(Data excerpts)
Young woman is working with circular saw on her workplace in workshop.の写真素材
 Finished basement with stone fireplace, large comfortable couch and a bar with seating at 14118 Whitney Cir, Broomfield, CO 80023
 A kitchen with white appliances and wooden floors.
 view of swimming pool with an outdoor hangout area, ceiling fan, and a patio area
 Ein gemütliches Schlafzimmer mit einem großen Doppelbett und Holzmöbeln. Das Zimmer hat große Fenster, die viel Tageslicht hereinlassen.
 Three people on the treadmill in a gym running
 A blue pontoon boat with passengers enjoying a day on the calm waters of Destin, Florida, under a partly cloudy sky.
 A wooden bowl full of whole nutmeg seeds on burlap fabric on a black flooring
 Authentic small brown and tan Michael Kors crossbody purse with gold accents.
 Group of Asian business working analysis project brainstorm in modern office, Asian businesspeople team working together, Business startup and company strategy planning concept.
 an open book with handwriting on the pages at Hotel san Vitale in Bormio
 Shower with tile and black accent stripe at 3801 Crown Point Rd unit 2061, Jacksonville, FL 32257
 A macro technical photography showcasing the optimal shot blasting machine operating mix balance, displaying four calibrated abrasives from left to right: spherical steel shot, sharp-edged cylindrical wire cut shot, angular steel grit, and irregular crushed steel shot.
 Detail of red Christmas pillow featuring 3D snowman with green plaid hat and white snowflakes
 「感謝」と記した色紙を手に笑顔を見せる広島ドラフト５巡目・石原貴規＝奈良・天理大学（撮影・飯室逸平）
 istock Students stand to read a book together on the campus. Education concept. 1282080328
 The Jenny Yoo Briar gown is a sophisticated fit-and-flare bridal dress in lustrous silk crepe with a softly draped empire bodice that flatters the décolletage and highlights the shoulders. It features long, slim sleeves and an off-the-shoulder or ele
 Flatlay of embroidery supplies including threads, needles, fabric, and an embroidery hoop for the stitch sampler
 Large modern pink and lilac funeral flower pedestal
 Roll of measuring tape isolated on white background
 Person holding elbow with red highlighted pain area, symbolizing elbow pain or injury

— TASK ITEM —
Please return every line of the data, unaltered.

— REPLY —
Young woman is working with circular saw on her workplace in workshop.の写真素材
 Finished basement with stone fireplace, large comfortable couch and a bar with seating at 14118 Whitney Cir, Broomfield, CO 80023
 A kitchen with white appliances and wooden floors.
 view of swimming pool with an outdoor hangout area, ceiling fan, and a patio area
 Ein gemütliches Schlafzimmer mit einem großen Doppelbett und Holzmöbeln. Das Zimmer hat große Fenster, die viel Tageslicht hereinlassen.
 Three people on the treadmill in a gym running
 A blue pontoon boat with passengers enjoying a day on the calm waters of Destin, Florida, under a partly cloudy sky.
 A wooden bowl full of whole nutmeg seeds on burlap fabric on a black flooring
 Authentic small brown and tan Michael Kors crossbody purse with gold accents.
 Group of Asian business working analysis project brainstorm in modern office, Asian businesspeople team working together, Business startup and company strategy planning concept.
 an open book with handwriting on the pages at Hotel san Vitale in Bormio
 Shower with tile and black accent stripe at 3801 Crown Point Rd unit 2061, Jacksonville, FL 32257
 A macro technical photography showcasing the optimal shot blasting machine operating mix balance, displaying four calibrated abrasives from left to right: spherical steel shot, sharp-edged cylindrical wire cut shot, angular steel grit, and irregular crushed steel shot.
 Detail of red Christmas pillow featuring 3D snowman with green plaid hat and white snowflakes
 「感謝」と記した色紙を手に笑顔を見せる広島ドラフト５巡目・石原貴規＝奈良・天理大学（撮影・飯室逸平）
 istock Students stand to read a book together on the campus. Education concept. 1282080328
 The Jenny Yoo Briar gown is a sophisticated fit-and-flare bridal dress in lustrous silk crepe with a softly draped empire bodice that flatters the décolletage and highlights the shoulders. It features long, slim sleeves and an off-the-shoulder or ele
 Flatlay of embroidery supplies including threads, needles, fabric, and an embroidery hoop for the stitch sampler
 Large modern pink and lilac funeral flower pedestal
 Roll of measuring tape isolated on white background
 Person holding elbow with red highlighted pain area, symbolizing elbow pain or injury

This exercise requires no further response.